POLITICS

President Basescu concludes Mid-East visit: “I feel as on my first day of mandate”

In the last day of his three day official visit in Israel and Palestinian Territories, President Traian Basescu on Tuesday said, during a meeting in Tel Aviv with representatives of the Romanian community in Israel, that he did not feel tired at all after the ten years of mandate, but as energetic as on the first day of the mandate takeover and much more experienced than he was at that time, according to Agerpres.
‘As far as I am concerned, I am at the end of the second mandate, but I will be President until the last day of mandate. There have been some who believed I may have grown tired over these ten years. No, I am not at all tired. I feel as on the first day in terms of energy, but much more experienced than on the first day of my first mandate,’ Traian Basescu said.
Regarding the situation of the Romanian Justice, Basescu said that ‘justice doesn’t end according to one’s will, regardless of how rich and powerful one is from a political viewpoint.’ ‘We are trying to be good Europeans. We are trying to convince all the politicians that justice doesn’t function or doesn’t stop from functioning according to one’s will, regardless of how rich or powerful one is from a political viewpoint they are and if they will pay more attention to Israel they will see what does it really mean a solid state on its own feet and with institutions that function. It takes time until everybody will get to learn these things and especially until we learn that doing politics means pursuing a goal, a thought, in the name of a country or a nation, while it doesn’t mean staying loyal to a political party or its corrupt members. However, with patience we will overcome everything,” the head of the state said in Tel Aviv.

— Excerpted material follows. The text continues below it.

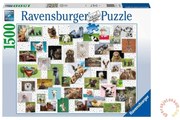 Ravensburger puzzle 1500 dielikov – Zábavné zvieratá v koláži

He pointed out that Romania remained a democratic state. What is certain is that Romania remained a democratic state, a rule of law state, even if we can’t say that everything is perfect yet, but everything will be perfect,’ said Basescu. Moreover, he appreciated that Romania had economic growth starting with 2011 – ‘not a big growth, but a small yet constant growth, better than none anyhow, as it happened in other cases’ – which in 2013 reached approximately 3 per cent. Traian Basescu showed that he hoped 2014 to be a better year from this viewpoint.
‘As to Romania, things are not as bad as we like to complain they are, but it’s true that there is still room for improvement,’ said Basescu.